▶ [EXERCISE BRIEF] The material below includes pictures; leave them out and return only the lines between the line containing "Мінівен Renault Grand Scenic 2010 в Калуші" and the line containing "image for item", inclusive, word for word.

▶ [ENTRIES PROVIDED]
· · · · ·
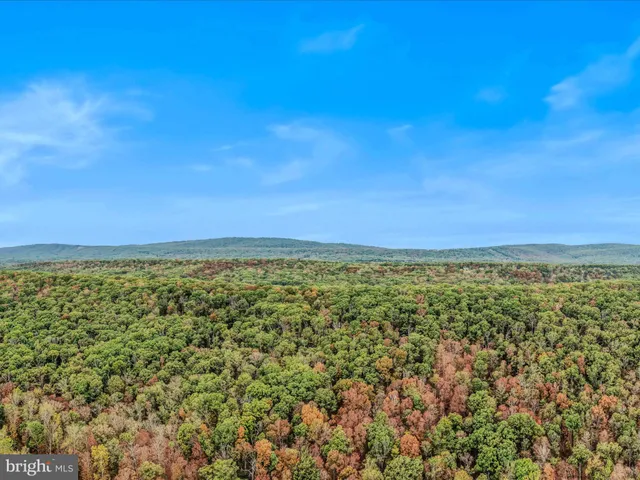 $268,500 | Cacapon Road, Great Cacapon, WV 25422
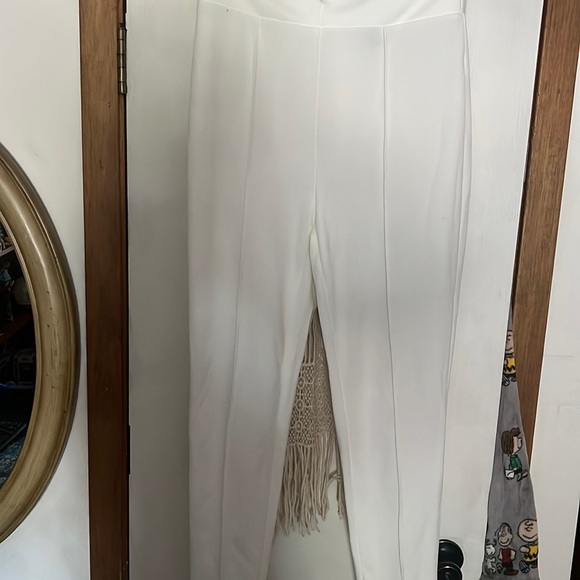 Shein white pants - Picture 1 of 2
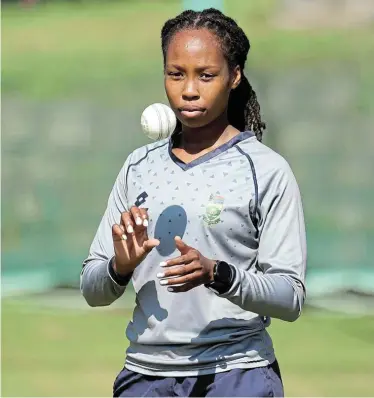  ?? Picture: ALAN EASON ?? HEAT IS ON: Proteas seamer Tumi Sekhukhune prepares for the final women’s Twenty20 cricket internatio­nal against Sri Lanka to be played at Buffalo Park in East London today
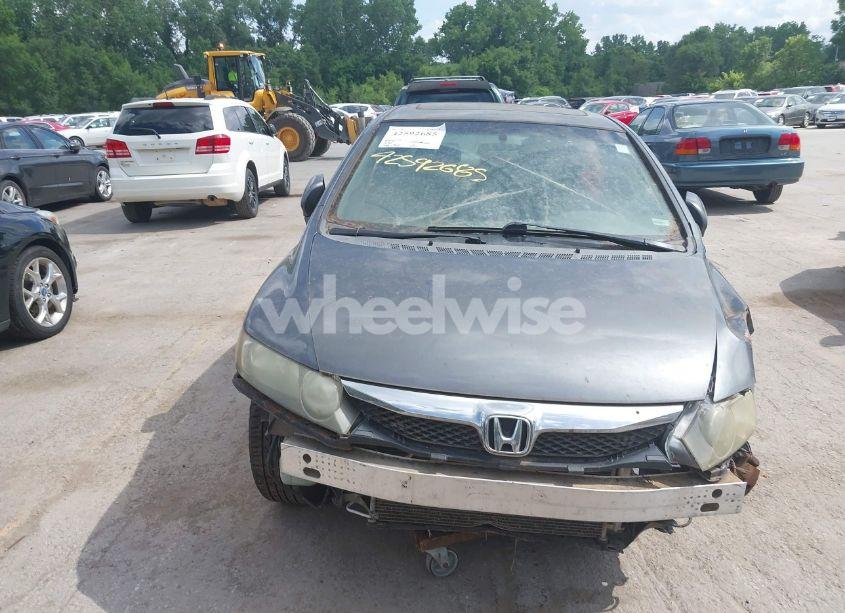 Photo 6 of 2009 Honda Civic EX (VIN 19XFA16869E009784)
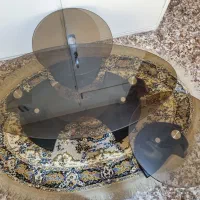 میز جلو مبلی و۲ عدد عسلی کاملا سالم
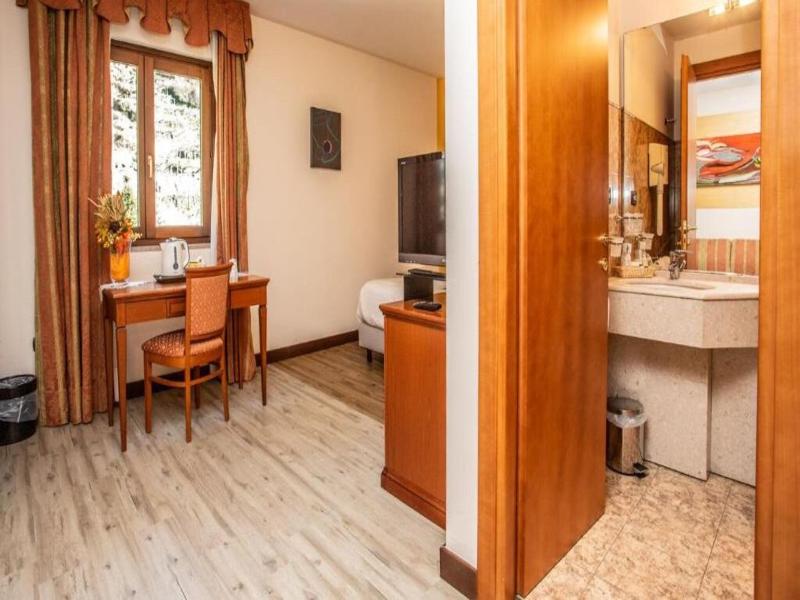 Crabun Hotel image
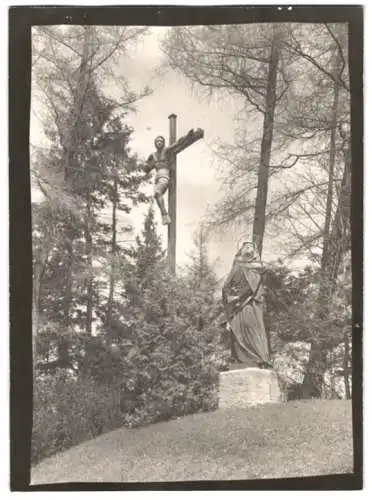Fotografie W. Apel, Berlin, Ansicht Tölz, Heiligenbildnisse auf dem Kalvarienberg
· · · · ·
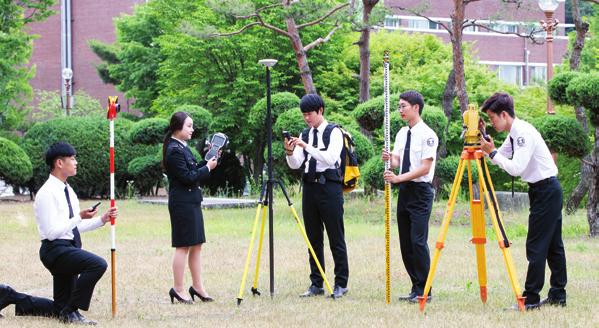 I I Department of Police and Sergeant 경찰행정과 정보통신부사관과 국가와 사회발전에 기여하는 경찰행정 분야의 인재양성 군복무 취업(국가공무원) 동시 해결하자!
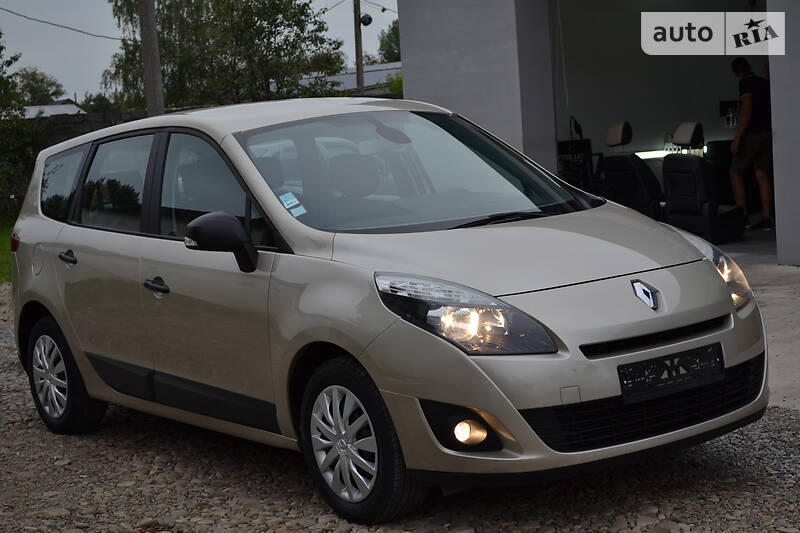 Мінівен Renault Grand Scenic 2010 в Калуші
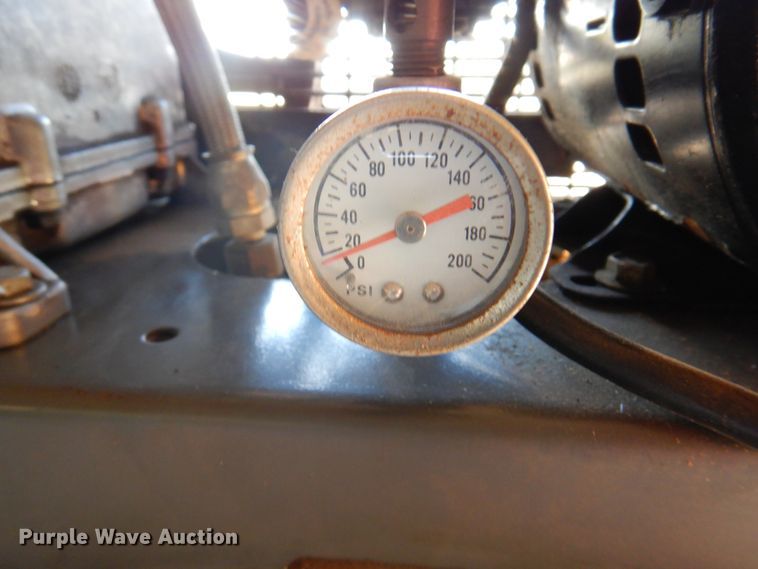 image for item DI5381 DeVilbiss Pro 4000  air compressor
· · · · ·
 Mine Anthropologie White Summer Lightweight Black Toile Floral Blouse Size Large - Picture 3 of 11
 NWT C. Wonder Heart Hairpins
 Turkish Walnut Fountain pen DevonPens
· · · · ·
▶ [ANSWER BOX]
 Мінівен Renault Grand Scenic 2010 в Калуші
 image for item DI5381 DeVilbiss Pro 4000  air compressor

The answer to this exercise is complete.